Task to carry out »
Here is a listing; restate all of it exactly.

(Extracted material)

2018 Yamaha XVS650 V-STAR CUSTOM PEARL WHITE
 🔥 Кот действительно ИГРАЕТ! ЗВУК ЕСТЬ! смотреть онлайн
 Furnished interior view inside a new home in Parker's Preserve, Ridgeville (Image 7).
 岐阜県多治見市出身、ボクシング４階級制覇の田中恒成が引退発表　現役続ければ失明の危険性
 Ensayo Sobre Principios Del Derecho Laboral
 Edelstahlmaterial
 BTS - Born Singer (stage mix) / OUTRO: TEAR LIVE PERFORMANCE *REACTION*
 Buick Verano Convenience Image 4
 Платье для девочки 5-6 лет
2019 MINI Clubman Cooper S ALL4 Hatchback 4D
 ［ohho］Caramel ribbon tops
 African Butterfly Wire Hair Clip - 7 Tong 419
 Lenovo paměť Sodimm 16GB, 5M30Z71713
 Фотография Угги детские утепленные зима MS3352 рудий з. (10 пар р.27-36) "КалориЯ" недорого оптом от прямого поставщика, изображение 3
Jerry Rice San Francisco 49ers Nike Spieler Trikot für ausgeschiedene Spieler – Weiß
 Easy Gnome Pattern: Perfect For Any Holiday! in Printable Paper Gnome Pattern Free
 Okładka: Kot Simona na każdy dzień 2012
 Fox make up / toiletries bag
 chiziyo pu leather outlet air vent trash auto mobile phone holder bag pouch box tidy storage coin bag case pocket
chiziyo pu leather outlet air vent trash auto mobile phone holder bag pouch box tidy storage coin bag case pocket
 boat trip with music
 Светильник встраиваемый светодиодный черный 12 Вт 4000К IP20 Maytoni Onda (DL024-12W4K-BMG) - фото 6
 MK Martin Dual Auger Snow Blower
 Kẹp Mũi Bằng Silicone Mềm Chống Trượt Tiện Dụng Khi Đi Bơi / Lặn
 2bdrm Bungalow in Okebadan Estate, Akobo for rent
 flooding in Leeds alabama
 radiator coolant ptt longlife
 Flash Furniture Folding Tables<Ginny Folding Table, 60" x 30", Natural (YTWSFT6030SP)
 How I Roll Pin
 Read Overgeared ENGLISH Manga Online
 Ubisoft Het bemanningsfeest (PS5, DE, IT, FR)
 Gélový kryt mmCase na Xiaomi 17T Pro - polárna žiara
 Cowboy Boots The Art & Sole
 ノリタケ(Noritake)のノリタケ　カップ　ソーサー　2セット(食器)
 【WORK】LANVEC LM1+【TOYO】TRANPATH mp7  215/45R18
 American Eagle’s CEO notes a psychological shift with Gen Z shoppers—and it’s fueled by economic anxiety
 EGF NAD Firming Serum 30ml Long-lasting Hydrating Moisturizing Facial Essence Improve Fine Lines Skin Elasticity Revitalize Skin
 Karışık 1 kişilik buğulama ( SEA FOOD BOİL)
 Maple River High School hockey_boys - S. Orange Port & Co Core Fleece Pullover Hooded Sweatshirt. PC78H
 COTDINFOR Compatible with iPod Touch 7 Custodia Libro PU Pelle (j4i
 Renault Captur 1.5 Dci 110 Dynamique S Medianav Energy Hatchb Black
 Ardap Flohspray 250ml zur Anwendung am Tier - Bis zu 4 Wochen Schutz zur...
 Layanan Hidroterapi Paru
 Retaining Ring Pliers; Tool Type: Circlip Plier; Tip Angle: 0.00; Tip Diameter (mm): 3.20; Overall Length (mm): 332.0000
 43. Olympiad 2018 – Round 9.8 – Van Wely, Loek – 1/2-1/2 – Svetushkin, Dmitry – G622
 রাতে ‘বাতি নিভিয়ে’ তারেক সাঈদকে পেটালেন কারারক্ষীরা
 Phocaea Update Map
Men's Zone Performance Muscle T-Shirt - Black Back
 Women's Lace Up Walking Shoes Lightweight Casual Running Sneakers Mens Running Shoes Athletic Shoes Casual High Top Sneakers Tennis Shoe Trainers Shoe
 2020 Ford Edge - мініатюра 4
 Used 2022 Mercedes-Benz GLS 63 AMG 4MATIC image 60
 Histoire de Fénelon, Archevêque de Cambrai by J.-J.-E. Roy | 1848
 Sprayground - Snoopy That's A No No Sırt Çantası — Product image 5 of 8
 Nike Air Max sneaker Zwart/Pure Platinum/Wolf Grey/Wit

(End Extracted material)

Task solution »
2018 Yamaha XVS650 V-STAR CUSTOM PEARL WHITE
 🔥 Кот действительно ИГРАЕТ! ЗВУК ЕСТЬ! смотреть онлайн
 Furnished interior view inside a new home in Parker's Preserve, Ridgeville (Image 7).
 岐阜県多治見市出身、ボクシング４階級制覇の田中恒成が引退発表　現役続ければ失明の危険性
 Ensayo Sobre Principios Del Derecho Laboral
 Edelstahlmaterial
 BTS - Born Singer (stage mix) / OUTRO: TEAR LIVE PERFORMANCE *REACTION*
 Buick Verano Convenience Image 4
 Платье для девочки 5-6 лет
2019 MINI Clubman Cooper S ALL4 Hatchback 4D
 ［ohho］Caramel ribbon tops
 African Butterfly Wire Hair Clip - 7 Tong 419
 Lenovo paměť Sodimm 16GB, 5M30Z71713
 Фотография Угги детские утепленные зима MS3352 рудий з. (10 пар р.27-36) "КалориЯ" недорого оптом от прямого поставщика, изображение 3
Jerry Rice San Francisco 49ers Nike Spieler Trikot für ausgeschiedene Spieler – Weiß
 Easy Gnome Pattern: Perfect For Any Holiday! in Printable Paper Gnome Pattern Free
 Okładka: Kot Simona na każdy dzień 2012
 Fox make up / toiletries bag
 chiziyo pu leather outlet air vent trash auto mobile phone holder bag pouch box tidy storage coin bag case pocket
chiziyo pu leather outlet air vent trash auto mobile phone holder bag pouch box tidy storage coin bag case pocket
 boat trip with music
 Светильник встраиваемый светодиодный черный 12 Вт 4000К IP20 Maytoni Onda (DL024-12W4K-BMG) - фото 6
 MK Martin Dual Auger Snow Blower
 Kẹp Mũi Bằng Silicone Mềm Chống Trượt Tiện Dụng Khi Đi Bơi / Lặn
 2bdrm Bungalow in Okebadan Estate, Akobo for rent
 flooding in Leeds alabama
 radiator coolant ptt longlife
 Flash Furniture Folding Tables<Ginny Folding Table, 60" x 30", Natural (YTWSFT6030SP)
 How I Roll Pin
 Read Overgeared ENGLISH Manga Online
 Ubisoft Het bemanningsfeest (PS5, DE, IT, FR)
 Gélový kryt mmCase na Xiaomi 17T Pro - polárna žiara
 Cowboy Boots The Art & Sole
 ノリタケ(Noritake)のノリタケ　カップ　ソーサー　2セット(食器)
 【WORK】LANVEC LM1+【TOYO】TRANPATH mp7  215/45R18
 American Eagle’s CEO notes a psychological shift with Gen Z shoppers—and it’s fueled by economic anxiety
 EGF NAD Firming Serum 30ml Long-lasting Hydrating Moisturizing Facial Essence Improve Fine Lines Skin Elasticity Revitalize Skin
 Karışık 1 kişilik buğulama ( SEA FOOD BOİL)
 Maple River High School hockey_boys - S. Orange Port & Co Core Fleece Pullover Hooded Sweatshirt. PC78H
 COTDINFOR Compatible with iPod Touch 7 Custodia Libro PU Pelle (j4i
 Renault Captur 1.5 Dci 110 Dynamique S Medianav Energy Hatchb Black
 Ardap Flohspray 250ml zur Anwendung am Tier - Bis zu 4 Wochen Schutz zur...
 Layanan Hidroterapi Paru
 Retaining Ring Pliers; Tool Type: Circlip Plier; Tip Angle: 0.00; Tip Diameter (mm): 3.20; Overall Length (mm): 332.0000
 43. Olympiad 2018 – Round 9.8 – Van Wely, Loek – 1/2-1/2 – Svetushkin, Dmitry – G622
 রাতে ‘বাতি নিভিয়ে’ তারেক সাঈদকে পেটালেন কারারক্ষীরা
 Phocaea Update Map
Men's Zone Performance Muscle T-Shirt - Black Back
 Women's Lace Up Walking Shoes Lightweight Casual Running Sneakers Mens Running Shoes Athletic Shoes Casual High Top Sneakers Tennis Shoe Trainers Shoe
 2020 Ford Edge - мініатюра 4
 Used 2022 Mercedes-Benz GLS 63 AMG 4MATIC image 60
 Histoire de Fénelon, Archevêque de Cambrai by J.-J.-E. Roy | 1848
 Sprayground - Snoopy That's A No No Sırt Çantası — Product image 5 of 8
 Nike Air Max sneaker Zwart/Pure Platinum/Wolf Grey/Wit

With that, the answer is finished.